13.4 Multi-Commodities Utilities and Market Power

In the wake of liberalisation, a sizeable number of energy companies decided to expand into industries traditionally unrelated to their line of business. The strategy consisted of using their privileged relationship with their electricity or gas customers to offer them gas, electricity, water, or telecommunications, television and internet services. The contention was that the economies of scale in customer management that these multi-utility companies could reach would afford a significant competitive advantage [4].

Such predictions have not always held, however.Footnote 29 Part of the reason may lie in the need to master highly specialised technical businesses. One significant exception has been observed, however: so-called gas-electricity convergence. No small number of former electricity companies have successfully entered the gas market, and vice versa. The explanation may lie in a number of circumstances.

  • The type of electricity generation plant favoured most by investors in recent years is based on natural gas combustion. Natural gas combined cycle plants have been particularly popular, along with open cycle and co-generation or CHP facilities. Their profitability depends on the conditions of gas supply.

  • Insofar as a substantial part of electricity generation is powered by natural gas, opportunities for arbitration between the two markets may arise, although they call for an in-depth knowledge of both.

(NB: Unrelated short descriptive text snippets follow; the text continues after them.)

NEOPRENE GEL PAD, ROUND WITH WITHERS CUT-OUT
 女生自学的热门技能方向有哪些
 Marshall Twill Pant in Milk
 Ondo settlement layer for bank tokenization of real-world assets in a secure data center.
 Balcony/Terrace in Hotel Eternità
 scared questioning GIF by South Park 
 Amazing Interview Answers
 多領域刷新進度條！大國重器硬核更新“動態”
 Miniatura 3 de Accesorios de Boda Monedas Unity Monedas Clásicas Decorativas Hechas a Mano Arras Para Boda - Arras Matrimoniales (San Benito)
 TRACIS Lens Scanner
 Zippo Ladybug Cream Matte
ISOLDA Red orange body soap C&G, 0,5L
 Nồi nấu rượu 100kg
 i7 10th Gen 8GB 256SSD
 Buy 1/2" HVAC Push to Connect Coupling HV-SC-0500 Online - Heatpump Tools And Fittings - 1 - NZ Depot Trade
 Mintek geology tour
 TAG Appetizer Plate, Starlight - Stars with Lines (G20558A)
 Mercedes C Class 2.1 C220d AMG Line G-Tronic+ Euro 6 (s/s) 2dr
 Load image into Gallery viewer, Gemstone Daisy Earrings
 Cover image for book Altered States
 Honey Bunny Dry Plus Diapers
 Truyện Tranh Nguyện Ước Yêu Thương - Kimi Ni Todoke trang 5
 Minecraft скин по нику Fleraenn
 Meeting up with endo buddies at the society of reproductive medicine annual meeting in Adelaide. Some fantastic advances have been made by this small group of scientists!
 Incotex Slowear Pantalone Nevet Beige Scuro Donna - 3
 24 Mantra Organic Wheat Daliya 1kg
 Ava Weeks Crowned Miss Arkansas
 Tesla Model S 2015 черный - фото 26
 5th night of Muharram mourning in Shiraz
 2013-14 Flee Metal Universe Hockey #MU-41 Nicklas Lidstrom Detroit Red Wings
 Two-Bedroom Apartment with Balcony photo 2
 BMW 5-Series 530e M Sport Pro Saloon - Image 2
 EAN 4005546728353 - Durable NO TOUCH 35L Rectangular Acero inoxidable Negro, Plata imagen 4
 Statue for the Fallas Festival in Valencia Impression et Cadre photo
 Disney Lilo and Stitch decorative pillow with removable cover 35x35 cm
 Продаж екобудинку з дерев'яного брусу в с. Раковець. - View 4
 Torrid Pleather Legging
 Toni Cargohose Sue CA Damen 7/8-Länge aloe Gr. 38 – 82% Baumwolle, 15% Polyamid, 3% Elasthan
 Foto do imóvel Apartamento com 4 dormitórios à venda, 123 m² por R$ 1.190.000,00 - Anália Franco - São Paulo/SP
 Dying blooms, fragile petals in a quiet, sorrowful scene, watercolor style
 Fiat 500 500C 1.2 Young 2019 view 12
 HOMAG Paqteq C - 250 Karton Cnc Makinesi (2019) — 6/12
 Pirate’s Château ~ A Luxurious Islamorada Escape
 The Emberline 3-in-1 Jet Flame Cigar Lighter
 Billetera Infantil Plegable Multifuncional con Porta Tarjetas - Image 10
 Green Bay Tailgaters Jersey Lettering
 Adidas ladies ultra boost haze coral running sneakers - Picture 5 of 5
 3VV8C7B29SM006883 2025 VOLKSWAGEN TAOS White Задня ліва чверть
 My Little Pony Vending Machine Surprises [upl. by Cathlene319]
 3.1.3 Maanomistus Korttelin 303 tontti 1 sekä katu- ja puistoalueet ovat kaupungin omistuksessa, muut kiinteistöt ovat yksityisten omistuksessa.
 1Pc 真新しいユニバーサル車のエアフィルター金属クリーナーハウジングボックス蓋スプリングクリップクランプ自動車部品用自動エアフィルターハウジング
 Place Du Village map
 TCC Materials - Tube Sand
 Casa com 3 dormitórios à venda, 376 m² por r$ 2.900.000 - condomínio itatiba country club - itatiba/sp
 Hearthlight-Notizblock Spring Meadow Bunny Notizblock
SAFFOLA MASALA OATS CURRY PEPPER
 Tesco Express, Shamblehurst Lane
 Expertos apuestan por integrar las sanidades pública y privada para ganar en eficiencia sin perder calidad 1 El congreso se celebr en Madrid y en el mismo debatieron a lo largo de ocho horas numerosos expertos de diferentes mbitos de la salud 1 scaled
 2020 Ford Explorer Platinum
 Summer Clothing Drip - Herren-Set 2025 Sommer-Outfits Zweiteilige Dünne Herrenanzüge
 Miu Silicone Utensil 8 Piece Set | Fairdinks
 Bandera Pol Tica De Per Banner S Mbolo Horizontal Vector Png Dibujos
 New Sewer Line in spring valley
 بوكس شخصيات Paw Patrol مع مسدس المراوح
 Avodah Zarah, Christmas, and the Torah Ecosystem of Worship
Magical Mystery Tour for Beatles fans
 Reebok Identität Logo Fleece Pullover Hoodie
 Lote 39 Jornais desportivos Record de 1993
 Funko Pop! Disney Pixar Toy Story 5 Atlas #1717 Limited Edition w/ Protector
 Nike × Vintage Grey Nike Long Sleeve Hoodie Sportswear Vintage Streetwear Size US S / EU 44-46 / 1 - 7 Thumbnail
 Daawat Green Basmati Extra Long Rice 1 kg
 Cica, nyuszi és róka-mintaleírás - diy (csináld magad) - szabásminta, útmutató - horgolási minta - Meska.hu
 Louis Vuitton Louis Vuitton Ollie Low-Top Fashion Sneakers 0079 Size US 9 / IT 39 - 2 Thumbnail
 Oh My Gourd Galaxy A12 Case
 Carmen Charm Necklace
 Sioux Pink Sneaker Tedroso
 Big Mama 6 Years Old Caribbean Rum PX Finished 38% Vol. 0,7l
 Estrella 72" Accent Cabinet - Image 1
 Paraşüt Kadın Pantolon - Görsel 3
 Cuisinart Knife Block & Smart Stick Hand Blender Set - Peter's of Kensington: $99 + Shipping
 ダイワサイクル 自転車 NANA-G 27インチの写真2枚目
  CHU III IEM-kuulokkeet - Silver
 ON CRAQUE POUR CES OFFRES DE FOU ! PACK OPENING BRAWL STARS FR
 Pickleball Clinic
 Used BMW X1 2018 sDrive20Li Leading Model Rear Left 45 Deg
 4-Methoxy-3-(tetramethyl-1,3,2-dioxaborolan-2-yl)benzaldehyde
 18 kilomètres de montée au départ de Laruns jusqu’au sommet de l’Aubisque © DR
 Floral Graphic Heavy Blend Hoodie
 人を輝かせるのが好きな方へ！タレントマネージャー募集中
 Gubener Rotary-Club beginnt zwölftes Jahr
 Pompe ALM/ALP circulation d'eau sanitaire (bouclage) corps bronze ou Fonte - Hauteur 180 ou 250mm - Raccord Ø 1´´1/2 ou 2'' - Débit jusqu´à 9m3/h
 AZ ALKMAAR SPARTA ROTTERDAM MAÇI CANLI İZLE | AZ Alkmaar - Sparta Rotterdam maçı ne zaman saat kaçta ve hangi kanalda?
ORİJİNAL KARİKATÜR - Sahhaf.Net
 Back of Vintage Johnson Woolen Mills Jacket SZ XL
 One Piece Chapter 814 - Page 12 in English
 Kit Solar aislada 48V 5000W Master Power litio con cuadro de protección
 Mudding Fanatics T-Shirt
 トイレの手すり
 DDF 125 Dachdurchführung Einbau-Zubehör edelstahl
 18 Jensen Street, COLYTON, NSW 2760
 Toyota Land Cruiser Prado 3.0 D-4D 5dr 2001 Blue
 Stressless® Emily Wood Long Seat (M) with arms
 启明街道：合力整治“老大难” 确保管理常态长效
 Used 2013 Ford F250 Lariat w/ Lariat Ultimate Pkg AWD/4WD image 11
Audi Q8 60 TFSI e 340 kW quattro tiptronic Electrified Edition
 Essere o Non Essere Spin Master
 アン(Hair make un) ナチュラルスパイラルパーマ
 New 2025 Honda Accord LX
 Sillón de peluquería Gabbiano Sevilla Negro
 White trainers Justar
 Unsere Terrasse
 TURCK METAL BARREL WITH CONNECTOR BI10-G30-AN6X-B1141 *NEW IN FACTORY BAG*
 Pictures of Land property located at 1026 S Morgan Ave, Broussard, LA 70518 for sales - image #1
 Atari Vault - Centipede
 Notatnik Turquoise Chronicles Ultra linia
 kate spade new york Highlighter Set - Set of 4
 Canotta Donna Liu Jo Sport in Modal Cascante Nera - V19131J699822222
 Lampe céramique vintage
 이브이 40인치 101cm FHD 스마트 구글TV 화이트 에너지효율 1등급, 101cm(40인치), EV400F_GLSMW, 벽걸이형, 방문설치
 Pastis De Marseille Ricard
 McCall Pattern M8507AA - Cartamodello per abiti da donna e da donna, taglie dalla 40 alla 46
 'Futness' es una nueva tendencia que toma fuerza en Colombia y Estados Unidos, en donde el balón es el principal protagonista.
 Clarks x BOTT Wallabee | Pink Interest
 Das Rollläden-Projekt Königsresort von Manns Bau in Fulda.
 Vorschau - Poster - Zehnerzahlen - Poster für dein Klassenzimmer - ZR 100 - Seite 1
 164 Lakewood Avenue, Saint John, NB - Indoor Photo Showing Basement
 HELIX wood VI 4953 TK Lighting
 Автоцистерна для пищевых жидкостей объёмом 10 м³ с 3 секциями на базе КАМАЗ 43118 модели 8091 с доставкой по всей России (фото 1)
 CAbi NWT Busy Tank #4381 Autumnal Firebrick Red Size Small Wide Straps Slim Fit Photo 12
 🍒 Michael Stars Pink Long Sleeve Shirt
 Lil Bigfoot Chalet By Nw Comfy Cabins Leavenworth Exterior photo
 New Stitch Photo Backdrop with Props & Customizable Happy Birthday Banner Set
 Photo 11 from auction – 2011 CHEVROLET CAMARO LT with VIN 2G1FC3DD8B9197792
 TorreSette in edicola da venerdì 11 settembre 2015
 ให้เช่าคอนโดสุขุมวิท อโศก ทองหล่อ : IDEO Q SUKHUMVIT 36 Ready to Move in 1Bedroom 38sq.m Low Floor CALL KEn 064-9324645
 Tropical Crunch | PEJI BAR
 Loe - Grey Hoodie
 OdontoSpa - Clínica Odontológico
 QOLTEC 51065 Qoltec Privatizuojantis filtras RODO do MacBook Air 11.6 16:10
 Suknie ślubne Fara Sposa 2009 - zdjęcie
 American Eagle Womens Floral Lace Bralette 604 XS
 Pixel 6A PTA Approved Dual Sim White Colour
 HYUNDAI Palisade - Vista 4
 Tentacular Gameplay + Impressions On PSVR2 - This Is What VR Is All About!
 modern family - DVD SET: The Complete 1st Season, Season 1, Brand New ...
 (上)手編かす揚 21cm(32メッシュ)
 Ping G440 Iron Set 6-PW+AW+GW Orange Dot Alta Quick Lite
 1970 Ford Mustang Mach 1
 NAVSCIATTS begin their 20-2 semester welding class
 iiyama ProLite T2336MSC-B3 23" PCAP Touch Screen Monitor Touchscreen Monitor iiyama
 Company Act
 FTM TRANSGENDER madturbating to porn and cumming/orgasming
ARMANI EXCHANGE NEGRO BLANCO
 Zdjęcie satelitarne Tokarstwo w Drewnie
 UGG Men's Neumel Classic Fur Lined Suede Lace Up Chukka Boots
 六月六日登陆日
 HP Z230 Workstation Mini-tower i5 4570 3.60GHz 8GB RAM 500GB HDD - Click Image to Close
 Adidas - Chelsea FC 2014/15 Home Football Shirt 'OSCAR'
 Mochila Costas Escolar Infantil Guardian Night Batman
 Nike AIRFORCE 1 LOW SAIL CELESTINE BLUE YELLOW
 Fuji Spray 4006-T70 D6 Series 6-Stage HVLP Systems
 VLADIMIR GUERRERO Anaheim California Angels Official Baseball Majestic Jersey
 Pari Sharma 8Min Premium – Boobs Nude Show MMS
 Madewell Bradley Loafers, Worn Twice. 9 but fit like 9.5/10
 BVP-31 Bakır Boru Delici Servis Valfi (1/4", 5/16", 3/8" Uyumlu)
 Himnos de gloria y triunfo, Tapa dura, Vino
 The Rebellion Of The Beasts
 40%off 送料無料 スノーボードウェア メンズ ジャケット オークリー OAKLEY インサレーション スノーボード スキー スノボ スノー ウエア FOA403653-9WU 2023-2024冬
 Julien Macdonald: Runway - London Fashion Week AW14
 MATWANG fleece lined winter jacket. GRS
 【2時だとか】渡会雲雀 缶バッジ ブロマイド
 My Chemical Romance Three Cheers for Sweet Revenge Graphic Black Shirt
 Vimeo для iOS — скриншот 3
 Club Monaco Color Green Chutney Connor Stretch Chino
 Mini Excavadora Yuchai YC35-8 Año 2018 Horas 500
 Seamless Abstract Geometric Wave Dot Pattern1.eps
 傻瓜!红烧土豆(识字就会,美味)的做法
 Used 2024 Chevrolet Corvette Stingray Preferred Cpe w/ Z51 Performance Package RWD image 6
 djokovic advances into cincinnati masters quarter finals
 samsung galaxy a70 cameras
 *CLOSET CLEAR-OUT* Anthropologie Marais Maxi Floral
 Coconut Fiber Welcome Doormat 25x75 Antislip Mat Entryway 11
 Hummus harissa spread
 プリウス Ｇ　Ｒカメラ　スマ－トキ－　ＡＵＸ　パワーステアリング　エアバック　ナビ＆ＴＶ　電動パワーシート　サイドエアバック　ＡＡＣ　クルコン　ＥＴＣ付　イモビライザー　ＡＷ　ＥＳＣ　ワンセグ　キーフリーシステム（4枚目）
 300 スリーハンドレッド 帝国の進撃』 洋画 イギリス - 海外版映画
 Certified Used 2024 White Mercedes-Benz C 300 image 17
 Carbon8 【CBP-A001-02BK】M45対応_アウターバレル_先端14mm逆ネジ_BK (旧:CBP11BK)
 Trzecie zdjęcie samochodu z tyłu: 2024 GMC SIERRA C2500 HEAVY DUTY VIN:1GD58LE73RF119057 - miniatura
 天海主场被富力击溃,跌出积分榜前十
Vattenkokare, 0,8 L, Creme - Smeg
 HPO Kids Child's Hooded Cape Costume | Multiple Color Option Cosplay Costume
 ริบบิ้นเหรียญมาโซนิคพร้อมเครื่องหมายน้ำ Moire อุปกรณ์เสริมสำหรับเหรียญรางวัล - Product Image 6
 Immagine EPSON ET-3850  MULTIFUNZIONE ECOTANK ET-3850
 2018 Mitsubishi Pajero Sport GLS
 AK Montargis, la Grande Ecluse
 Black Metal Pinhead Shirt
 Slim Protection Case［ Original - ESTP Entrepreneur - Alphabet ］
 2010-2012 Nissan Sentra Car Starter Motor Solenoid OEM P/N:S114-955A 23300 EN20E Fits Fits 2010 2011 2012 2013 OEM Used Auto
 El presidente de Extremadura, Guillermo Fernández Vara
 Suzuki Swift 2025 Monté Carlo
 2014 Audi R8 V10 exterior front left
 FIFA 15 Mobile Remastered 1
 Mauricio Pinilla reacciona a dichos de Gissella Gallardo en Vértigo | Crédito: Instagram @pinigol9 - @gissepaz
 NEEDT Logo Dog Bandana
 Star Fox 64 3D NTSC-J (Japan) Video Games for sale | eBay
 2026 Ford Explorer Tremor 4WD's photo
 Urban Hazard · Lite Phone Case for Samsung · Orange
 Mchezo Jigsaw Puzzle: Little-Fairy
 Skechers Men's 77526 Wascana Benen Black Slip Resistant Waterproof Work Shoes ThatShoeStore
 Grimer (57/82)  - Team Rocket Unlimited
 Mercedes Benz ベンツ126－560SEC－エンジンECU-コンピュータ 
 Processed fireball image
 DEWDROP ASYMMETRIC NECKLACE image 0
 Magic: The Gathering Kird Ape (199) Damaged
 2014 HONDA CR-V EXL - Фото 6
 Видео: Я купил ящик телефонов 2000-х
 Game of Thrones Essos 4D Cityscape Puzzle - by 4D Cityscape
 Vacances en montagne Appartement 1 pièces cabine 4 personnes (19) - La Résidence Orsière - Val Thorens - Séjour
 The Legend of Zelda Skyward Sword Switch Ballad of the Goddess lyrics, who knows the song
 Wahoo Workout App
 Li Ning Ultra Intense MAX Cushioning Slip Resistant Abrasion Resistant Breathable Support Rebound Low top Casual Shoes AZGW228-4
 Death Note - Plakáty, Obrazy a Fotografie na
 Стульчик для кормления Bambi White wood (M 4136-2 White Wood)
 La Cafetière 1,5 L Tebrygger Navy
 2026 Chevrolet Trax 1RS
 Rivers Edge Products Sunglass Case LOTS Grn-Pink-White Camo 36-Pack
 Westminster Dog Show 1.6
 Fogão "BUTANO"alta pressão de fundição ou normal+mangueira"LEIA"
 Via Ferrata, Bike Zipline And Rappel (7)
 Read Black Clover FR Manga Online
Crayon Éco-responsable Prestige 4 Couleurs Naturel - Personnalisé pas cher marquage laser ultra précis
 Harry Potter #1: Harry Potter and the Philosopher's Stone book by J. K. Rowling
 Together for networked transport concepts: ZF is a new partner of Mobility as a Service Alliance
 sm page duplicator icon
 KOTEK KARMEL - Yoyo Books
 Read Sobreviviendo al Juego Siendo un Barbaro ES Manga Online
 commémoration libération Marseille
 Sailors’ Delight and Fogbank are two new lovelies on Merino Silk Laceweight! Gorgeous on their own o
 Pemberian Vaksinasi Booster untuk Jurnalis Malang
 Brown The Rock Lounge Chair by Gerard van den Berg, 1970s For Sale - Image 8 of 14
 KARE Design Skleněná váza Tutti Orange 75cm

  • Industrial consumers may be offered more comprehensive service, particularly for flexible heat units or co-generation units.

  • The same authority generally regulates the two markets and usually broaches issues in comparable ways. Moreover, the regulation of gas and electricity grid expansion should be coordinated. All these factors imply regulatory synergies for companies engaging in both businesses.

With the inter-relations resulting from the convergence between the electricity and gas industries, market power problems in one may spill over into the other. Consequently, market power analyses must address not only horizontal concentration in each or vertical concentration between wholesale and retail markets, but also the “diagonal” relationships between gas and electricity. Problems only appear, however, if the dual company holds a predominant position in one of the two industries. Some of the situations that may arise are listed below (see [15]).

  • Input foreclosure arises when the dual company uses its predominant position in the gas market to hamper its electricity industry competitors’ access to gas. The basic idea is that by raising the gas price it might induce an electricity price increase and possibly a deterioration of the competitive position of its electricity competitors from which it profits as an electricity company.

  • Customer foreclosure is the use by the dual company of its predominant position on the electric power market to buy gas only from its gas division, limiting competition on that market.

  • Conglomerate effects on the retail market are the result of electricity or gas distribution companies’ position of privilege with respect to their customers, which may often exclude other retailers. Their most powerful competitor, and consequently their greatest incentive to keep prices competitive, is the rival gas or electricity distributor. Therefore, it is arguable that companies should be prevented from simultaneously being gas and electricity distributors in any given franchise.